**WHAT NEEDS TO BE DONE**.
Give back the records in full, with every line exactly as it was.

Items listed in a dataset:
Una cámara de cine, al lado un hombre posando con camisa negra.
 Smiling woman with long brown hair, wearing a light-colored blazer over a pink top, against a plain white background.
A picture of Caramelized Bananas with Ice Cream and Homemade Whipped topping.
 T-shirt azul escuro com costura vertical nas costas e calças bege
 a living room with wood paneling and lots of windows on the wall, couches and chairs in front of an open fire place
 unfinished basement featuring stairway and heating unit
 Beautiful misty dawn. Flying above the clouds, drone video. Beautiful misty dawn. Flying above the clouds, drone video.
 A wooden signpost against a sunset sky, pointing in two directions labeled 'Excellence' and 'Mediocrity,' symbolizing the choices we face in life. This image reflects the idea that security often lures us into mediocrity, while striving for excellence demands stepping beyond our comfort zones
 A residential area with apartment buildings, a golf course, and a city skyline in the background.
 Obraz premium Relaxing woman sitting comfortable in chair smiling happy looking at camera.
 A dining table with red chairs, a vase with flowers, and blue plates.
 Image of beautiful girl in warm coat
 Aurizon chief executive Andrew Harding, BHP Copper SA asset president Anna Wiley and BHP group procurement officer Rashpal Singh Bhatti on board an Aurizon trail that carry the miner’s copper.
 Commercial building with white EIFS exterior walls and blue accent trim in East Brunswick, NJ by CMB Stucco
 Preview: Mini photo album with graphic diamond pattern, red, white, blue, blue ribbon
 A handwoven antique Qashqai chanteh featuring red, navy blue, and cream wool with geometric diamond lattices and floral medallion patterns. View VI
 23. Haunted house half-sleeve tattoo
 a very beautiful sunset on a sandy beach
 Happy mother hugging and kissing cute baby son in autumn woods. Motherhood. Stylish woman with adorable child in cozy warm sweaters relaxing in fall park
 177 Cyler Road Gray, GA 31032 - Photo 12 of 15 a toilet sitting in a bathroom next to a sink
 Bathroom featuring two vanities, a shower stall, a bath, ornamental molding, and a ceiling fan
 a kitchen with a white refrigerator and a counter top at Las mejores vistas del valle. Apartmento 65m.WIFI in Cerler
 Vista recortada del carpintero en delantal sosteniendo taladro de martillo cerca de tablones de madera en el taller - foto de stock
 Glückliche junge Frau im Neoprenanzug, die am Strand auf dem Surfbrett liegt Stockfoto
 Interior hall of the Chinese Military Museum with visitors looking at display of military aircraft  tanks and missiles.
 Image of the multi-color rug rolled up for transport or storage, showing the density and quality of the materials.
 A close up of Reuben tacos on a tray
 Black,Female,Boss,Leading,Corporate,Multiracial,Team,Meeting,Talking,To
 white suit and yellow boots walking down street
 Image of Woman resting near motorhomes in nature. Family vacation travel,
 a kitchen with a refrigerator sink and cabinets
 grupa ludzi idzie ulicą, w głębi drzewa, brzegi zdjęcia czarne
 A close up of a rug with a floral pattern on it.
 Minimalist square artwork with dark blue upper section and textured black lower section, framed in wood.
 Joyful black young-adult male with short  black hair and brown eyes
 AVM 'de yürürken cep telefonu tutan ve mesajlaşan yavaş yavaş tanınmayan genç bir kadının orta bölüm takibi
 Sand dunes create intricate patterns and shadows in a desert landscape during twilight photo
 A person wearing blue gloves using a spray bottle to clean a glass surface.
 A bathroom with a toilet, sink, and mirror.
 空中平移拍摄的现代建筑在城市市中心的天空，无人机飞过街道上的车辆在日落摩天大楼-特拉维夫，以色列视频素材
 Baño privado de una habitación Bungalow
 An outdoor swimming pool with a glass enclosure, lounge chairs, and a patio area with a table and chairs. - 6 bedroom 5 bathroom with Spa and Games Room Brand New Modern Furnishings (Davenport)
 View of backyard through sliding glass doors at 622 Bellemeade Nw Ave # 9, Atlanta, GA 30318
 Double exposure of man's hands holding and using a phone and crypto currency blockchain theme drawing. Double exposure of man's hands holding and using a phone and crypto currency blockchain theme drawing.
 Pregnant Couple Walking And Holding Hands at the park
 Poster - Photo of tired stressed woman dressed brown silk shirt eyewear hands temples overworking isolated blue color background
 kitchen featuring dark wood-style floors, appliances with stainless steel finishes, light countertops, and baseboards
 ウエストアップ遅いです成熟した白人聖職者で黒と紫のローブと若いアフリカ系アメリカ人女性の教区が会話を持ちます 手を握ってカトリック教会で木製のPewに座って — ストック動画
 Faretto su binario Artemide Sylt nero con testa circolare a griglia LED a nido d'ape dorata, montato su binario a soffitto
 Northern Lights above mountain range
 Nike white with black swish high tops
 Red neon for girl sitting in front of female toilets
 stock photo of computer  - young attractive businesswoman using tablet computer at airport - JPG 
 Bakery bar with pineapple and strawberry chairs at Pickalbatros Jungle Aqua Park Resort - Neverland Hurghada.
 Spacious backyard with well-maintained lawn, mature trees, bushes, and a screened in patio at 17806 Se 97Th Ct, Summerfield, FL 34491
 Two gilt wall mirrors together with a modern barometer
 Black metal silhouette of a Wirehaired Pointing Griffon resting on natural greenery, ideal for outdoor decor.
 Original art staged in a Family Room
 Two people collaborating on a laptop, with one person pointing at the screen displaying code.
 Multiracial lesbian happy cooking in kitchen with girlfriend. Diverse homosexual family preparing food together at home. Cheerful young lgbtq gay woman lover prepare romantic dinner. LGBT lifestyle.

**SOLUTION TO THIS EXERCISE**.
Una cámara de cine, al lado un hombre posando con camisa negra.
 Smiling woman with long brown hair, wearing a light-colored blazer over a pink top, against a plain white background.
A picture of Caramelized Bananas with Ice Cream and Homemade Whipped topping.
 T-shirt azul escuro com costura vertical nas costas e calças bege
 a living room with wood paneling and lots of windows on the wall, couches and chairs in front of an open fire place
 unfinished basement featuring stairway and heating unit
 Beautiful misty dawn. Flying above the clouds, drone video. Beautiful misty dawn. Flying above the clouds, drone video.
 A wooden signpost against a sunset sky, pointing in two directions labeled 'Excellence' and 'Mediocrity,' symbolizing the choices we face in life. This image reflects the idea that security often lures us into mediocrity, while striving for excellence demands stepping beyond our comfort zones
 A residential area with apartment buildings, a golf course, and a city skyline in the background.
 Obraz premium Relaxing woman sitting comfortable in chair smiling happy looking at camera.
 A dining table with red chairs, a vase with flowers, and blue plates.
 Image of beautiful girl in warm coat
 Aurizon chief executive Andrew Harding, BHP Copper SA asset president Anna Wiley and BHP group procurement officer Rashpal Singh Bhatti on board an Aurizon trail that carry the miner’s copper.
 Commercial building with white EIFS exterior walls and blue accent trim in East Brunswick, NJ by CMB Stucco
 Preview: Mini photo album with graphic diamond pattern, red, white, blue, blue ribbon
 A handwoven antique Qashqai chanteh featuring red, navy blue, and cream wool with geometric diamond lattices and floral medallion patterns. View VI
 23. Haunted house half-sleeve tattoo
 a very beautiful sunset on a sandy beach
 Happy mother hugging and kissing cute baby son in autumn woods. Motherhood. Stylish woman with adorable child in cozy warm sweaters relaxing in fall park
 177 Cyler Road Gray, GA 31032 - Photo 12 of 15 a toilet sitting in a bathroom next to a sink
 Bathroom featuring two vanities, a shower stall, a bath, ornamental molding, and a ceiling fan
 a kitchen with a white refrigerator and a counter top at Las mejores vistas del valle. Apartmento 65m.WIFI in Cerler
 Vista recortada del carpintero en delantal sosteniendo taladro de martillo cerca de tablones de madera en el taller - foto de stock
 Glückliche junge Frau im Neoprenanzug, die am Strand auf dem Surfbrett liegt Stockfoto
 Interior hall of the Chinese Military Museum with visitors looking at display of military aircraft  tanks and missiles.
 Image of the multi-color rug rolled up for transport or storage, showing the density and quality of the materials.
 A close up of Reuben tacos on a tray
 Black,Female,Boss,Leading,Corporate,Multiracial,Team,Meeting,Talking,To
 white suit and yellow boots walking down street
 Image of Woman resting near motorhomes in nature. Family vacation travel,
 a kitchen with a refrigerator sink and cabinets
 grupa ludzi idzie ulicą, w głębi drzewa, brzegi zdjęcia czarne
 A close up of a rug with a floral pattern on it.
 Minimalist square artwork with dark blue upper section and textured black lower section, framed in wood.
 Joyful black young-adult male with short  black hair and brown eyes
 AVM 'de yürürken cep telefonu tutan ve mesajlaşan yavaş yavaş tanınmayan genç bir kadının orta bölüm takibi
 Sand dunes create intricate patterns and shadows in a desert landscape during twilight photo
 A person wearing blue gloves using a spray bottle to clean a glass surface.
 A bathroom with a toilet, sink, and mirror.
 空中平移拍摄的现代建筑在城市市中心的天空，无人机飞过街道上的车辆在日落摩天大楼-特拉维夫，以色列视频素材
 Baño privado de una habitación Bungalow
 An outdoor swimming pool with a glass enclosure, lounge chairs, and a patio area with a table and chairs. - 6 bedroom 5 bathroom with Spa and Games Room Brand New Modern Furnishings (Davenport)
 View of backyard through sliding glass doors at 622 Bellemeade Nw Ave # 9, Atlanta, GA 30318
 Double exposure of man's hands holding and using a phone and crypto currency blockchain theme drawing. Double exposure of man's hands holding and using a phone and crypto currency blockchain theme drawing.
 Pregnant Couple Walking And Holding Hands at the park
 Poster - Photo of tired stressed woman dressed brown silk shirt eyewear hands temples overworking isolated blue color background
 kitchen featuring dark wood-style floors, appliances with stainless steel finishes, light countertops, and baseboards
 ウエストアップ遅いです成熟した白人聖職者で黒と紫のローブと若いアフリカ系アメリカ人女性の教区が会話を持ちます 手を握ってカトリック教会で木製のPewに座って — ストック動画
 Faretto su binario Artemide Sylt nero con testa circolare a griglia LED a nido d'ape dorata, montato su binario a soffitto
 Northern Lights above mountain range
 Nike white with black swish high tops
 Red neon for girl sitting in front of female toilets
 stock photo of computer  - young attractive businesswoman using tablet computer at airport - JPG 
 Bakery bar with pineapple and strawberry chairs at Pickalbatros Jungle Aqua Park Resort - Neverland Hurghada.
 Spacious backyard with well-maintained lawn, mature trees, bushes, and a screened in patio at 17806 Se 97Th Ct, Summerfield, FL 34491
 Two gilt wall mirrors together with a modern barometer
 Black metal silhouette of a Wirehaired Pointing Griffon resting on natural greenery, ideal for outdoor decor.
 Original art staged in a Family Room
 Two people collaborating on a laptop, with one person pointing at the screen displaying code.
 Multiracial lesbian happy cooking in kitchen with girlfriend. Diverse homosexual family preparing food together at home. Cheerful young lgbtq gay woman lover prepare romantic dinner. LGBT lifestyle.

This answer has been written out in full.